What you should do |
Return each line of the data below exactly, omitting any pictures.

Recorded information |
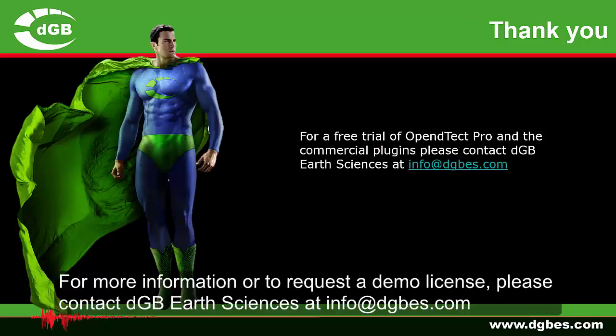For more information, or to request a demo license, please contact DGB Earth Sciences at info.dgbes.com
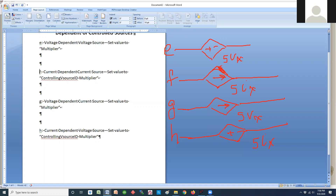We're moving forward in talking about how to implement dependent sources in LTSpice. As you know, we have independent sources. An independent voltage source is drawn with a circle, and that basically gives you a given voltage — whatever the value is — regardless of what the rest of your circuit is doing.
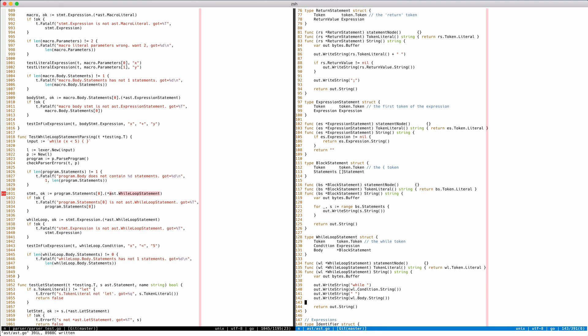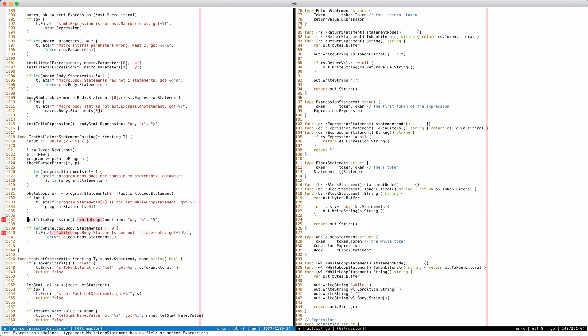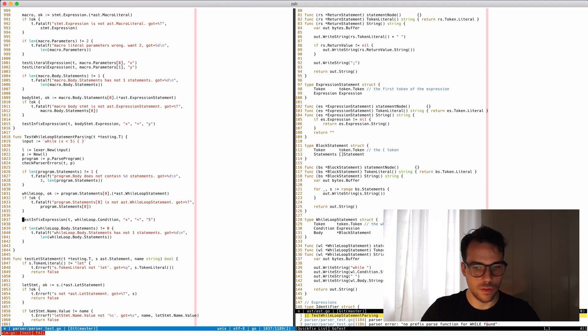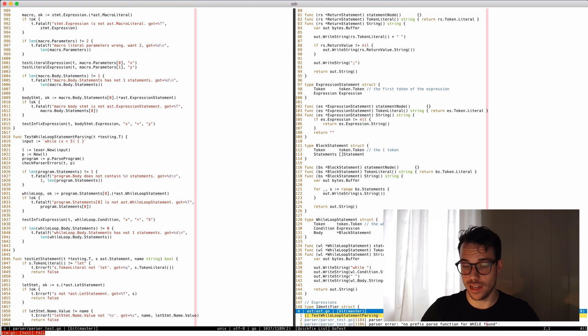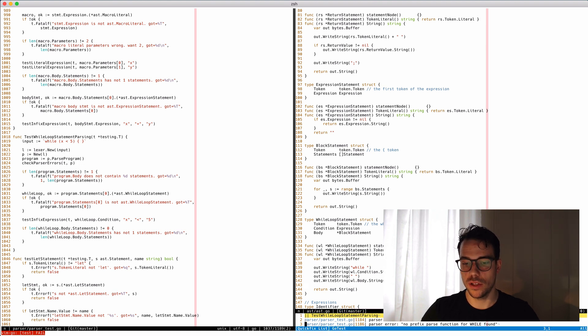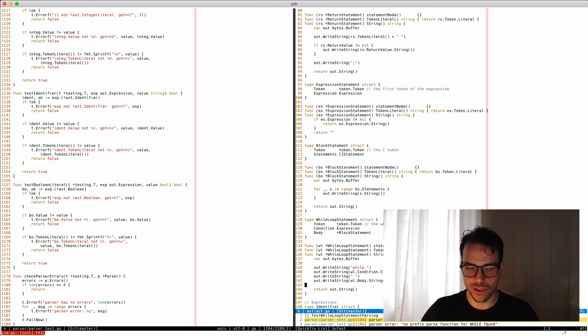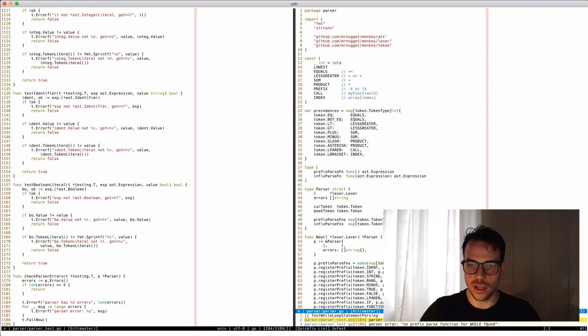All right, let's reload here and see where we are. Okay, statement expression - yeah, that's right. We don't need this, we're gonna change our test here and remove this paragraph. Now let's see if that works. All right, parser has one error - no prefix parse function for while found. That is an amazingly helpful error.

Response |
For more information, or to request a demo license, please contact DGB Earth Sciences at info.dgbes.com
We're moving forward in talking about how to implement dependent sources in LTSpice. As you know, we have independent sources. An independent voltage source is drawn with a circle, and that basically gives you a given voltage — whatever the value is — regardless of what the rest of your circuit is doing.
All right, let's reload here and see where we are. Okay, statement expression - yeah, that's right. We don't need this, we're gonna change our test here and remove this paragraph. Now let's see if that works. All right, parser has one error - no prefix parse function for while found. That is an amazingly helpful error.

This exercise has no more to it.